**Task requirements**.
Set down, exactly and only, everything from the line containing "DISNEY LILO &" down to the line containing "Petglad Dog Coat, Waterproof Ripstop Dog Win" in the data below; the pictures are not part of the copy.

**Dataset records**.
══════════
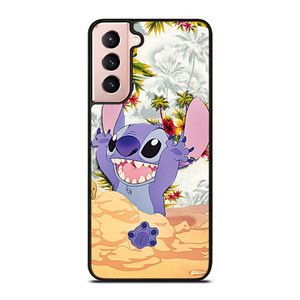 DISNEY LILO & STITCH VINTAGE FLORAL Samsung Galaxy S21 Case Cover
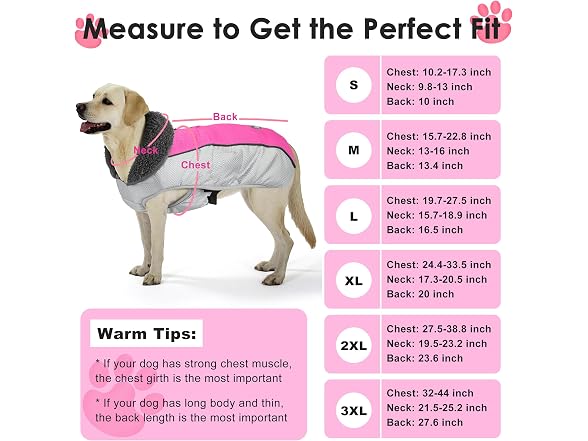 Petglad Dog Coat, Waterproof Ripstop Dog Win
══════════
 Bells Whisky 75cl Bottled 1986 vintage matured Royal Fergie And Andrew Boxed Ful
══════════
**Response below**.
 DISNEY LILO & STITCH VINTAGE FLORAL Samsung Galaxy S21 Case Cover
 Petglad Dog Coat, Waterproof Ripstop Dog Win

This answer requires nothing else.